PRACTICE FOR THE LOVE OF THEORY

    

Maxime Prananto runs an artistic design and production practice. It intervenes in the domain of architecture and infiltrates art spaces. The practice consists of public and private commissions as well as autonomous work. It sometimes functions as a production studio for other artists and makers.

The practice deals with the simultaneous conception and production of objects, scenography, furniture, exhibitions and sculpture. While its output is varied, each undertaking relies on a voluntary set of conceptual and physical boundaries. This practice attempts to reserve a substantial portion of its efforts for theory and reflection.

Underlying themes of the practice include manufacturing, logistics and iconography in the built environment. The attempt within the practice is for work to materialize intelligently within certain circumstances and references without the result of a self-intelligent work. In this sense, the aim is to be neutral and to propose a matter-of-factness about the conditions in which work is being made. Nevertheless, all interventions reflect a sensitivity to the beauty of constraints and gather meaning throughout the entirety of their process. 

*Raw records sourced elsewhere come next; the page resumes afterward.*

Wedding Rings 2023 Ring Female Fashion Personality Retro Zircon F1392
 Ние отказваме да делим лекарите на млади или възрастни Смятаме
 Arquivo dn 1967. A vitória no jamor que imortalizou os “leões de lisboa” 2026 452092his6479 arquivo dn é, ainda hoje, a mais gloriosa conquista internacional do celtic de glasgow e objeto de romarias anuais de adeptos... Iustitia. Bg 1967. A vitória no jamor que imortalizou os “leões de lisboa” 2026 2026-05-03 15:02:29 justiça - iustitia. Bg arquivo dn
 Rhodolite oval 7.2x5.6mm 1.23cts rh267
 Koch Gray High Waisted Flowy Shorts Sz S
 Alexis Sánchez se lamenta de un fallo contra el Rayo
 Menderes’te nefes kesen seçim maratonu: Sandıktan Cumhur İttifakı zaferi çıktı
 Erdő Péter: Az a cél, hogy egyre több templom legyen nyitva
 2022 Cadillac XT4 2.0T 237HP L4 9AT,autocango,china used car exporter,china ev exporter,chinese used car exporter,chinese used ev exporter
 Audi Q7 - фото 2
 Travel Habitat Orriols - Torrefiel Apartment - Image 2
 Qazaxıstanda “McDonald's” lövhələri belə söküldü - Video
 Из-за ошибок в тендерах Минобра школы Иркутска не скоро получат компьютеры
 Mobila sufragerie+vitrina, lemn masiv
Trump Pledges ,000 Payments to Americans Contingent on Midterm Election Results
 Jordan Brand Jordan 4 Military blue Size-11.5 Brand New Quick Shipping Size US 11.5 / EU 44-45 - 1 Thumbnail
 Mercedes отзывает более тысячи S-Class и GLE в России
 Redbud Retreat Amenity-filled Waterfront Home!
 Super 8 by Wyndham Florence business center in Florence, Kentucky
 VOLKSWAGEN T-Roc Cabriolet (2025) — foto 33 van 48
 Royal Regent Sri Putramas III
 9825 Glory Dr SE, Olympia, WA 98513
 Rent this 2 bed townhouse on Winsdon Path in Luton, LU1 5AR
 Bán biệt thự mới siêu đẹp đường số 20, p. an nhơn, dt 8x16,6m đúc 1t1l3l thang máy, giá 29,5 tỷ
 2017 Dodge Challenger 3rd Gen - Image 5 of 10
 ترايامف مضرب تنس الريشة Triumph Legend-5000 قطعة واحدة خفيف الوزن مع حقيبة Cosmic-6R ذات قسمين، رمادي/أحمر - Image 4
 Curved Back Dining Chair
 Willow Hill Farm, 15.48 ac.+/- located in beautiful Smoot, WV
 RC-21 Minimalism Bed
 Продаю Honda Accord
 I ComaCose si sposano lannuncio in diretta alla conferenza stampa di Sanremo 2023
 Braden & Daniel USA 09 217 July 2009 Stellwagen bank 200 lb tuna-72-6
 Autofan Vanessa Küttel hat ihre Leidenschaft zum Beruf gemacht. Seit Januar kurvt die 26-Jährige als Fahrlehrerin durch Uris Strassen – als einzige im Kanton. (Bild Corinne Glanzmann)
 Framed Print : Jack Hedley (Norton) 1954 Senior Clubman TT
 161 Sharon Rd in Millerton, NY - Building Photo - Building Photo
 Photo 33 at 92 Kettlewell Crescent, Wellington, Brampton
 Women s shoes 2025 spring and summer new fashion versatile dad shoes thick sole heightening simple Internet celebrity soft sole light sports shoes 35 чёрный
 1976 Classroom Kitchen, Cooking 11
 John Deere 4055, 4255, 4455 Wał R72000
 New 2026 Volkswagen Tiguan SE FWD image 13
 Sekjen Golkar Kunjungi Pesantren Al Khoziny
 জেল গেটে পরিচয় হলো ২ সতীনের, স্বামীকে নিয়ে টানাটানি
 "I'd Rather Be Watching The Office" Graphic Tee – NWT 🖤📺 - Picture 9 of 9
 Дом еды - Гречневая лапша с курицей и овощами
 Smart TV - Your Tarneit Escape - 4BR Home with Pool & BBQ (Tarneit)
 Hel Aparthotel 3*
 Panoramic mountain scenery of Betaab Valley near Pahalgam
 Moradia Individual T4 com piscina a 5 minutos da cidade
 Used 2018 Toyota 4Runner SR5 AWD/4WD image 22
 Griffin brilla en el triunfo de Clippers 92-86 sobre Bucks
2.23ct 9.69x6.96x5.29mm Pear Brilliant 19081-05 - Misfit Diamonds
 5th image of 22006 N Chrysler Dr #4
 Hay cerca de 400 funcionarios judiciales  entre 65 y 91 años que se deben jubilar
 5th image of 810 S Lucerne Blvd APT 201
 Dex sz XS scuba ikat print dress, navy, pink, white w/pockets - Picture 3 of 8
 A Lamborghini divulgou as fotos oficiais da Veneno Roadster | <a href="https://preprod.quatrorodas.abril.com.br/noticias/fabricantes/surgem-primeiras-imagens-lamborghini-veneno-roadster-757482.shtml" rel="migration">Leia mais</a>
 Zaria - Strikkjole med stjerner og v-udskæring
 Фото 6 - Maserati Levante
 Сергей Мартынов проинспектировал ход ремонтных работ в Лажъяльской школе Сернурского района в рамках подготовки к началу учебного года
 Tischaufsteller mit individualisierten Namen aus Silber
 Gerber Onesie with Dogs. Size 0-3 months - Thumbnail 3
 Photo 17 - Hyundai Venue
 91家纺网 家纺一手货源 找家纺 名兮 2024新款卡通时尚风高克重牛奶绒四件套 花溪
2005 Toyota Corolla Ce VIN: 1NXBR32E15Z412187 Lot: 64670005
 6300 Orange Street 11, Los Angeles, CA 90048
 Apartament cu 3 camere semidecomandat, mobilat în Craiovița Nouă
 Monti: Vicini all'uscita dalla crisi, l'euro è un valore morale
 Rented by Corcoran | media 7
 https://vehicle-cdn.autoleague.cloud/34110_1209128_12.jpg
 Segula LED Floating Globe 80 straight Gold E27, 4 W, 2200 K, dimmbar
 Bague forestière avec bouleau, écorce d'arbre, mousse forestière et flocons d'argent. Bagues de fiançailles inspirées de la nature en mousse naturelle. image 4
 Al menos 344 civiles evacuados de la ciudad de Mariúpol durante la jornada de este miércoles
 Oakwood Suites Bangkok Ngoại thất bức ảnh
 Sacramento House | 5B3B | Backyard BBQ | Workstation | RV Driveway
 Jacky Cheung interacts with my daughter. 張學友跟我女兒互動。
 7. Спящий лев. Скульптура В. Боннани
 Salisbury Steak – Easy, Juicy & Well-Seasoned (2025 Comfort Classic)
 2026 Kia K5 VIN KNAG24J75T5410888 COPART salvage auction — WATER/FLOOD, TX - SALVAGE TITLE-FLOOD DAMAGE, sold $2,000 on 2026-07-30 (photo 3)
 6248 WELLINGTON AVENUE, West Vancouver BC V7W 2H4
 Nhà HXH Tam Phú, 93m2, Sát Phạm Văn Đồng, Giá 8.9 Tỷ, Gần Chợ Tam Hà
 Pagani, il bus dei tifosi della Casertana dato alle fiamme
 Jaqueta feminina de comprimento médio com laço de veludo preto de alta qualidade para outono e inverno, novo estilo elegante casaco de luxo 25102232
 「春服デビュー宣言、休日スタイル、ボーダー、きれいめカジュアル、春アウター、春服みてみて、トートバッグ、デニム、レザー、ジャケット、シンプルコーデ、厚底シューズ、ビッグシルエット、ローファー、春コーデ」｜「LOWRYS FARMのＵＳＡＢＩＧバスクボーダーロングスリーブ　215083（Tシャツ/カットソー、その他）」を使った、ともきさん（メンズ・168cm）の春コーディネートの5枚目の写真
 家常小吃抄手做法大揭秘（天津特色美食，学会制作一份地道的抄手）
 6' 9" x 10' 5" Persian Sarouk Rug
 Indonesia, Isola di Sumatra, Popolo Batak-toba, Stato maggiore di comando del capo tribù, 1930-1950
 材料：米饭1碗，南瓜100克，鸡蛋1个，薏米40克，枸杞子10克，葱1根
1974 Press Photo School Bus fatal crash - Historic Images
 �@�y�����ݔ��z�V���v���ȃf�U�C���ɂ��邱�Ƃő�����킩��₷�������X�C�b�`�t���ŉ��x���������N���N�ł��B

This practice is linked to several courses and studios in architecture and interior architecture at the University of Leuven.


Table Setting
2023


Flemish Architecture Institute, Antwerp BE
Solo show curated by Petrus Kemme

Table Setting is an exhibition series on young architects from Flanders and Brussels, produced by DE SINGEL and the Flanders Architecture Institute (VAi). 
In each edition a young design practice presents itself on the square in front of DE SINGEL. A colourful set of tables supports the exhibition and acts as urban furniture, each time in a new configuration.

The fourth edition of Table Setting is built around an extension for the exhibition series' installation. Maxime Prananto created an element that combines several functions. But first and foremost, it forms a point of reference for the ever-changing arrangements of tables. In the central row of tables, Prananto gives an insight into his practice, using the process behind the new element for Table Setting as a
guide. The texts in this guide and on the tables thereby explore some aspects of his practice. Around the central new element and the row of tables, a number of triptychs with photographs by Prananto complete the exhibition. They illustrate his attentive view of the everyday environment. In their mutual confrontations, they evoke all kinds of associations, in a deliberate absence of explicit signification.


This exhibition unfolds as a polyptych, with more unknowns than equations. The design question consists of a few light chalk lines. The curatorial approach takes shape synchronously through the eyes of the institute, the makers, the producers, the writers. But if the object to be realized is still largely in flux, is there anything to curate at all? Yes, but only incrementally: the process tentatively announces itself more loudly. Gradually, interim results in the form of sketches, diagrams and correspondence gain in importance. They become independent and confront each other. They are then superimposed again. Materials, images and words not only form constellations but can strongly edit each other. This exhibition can  simply  be read as a lightly drawn contour, within which an endless and scale-less pleasure in confrontations plays out.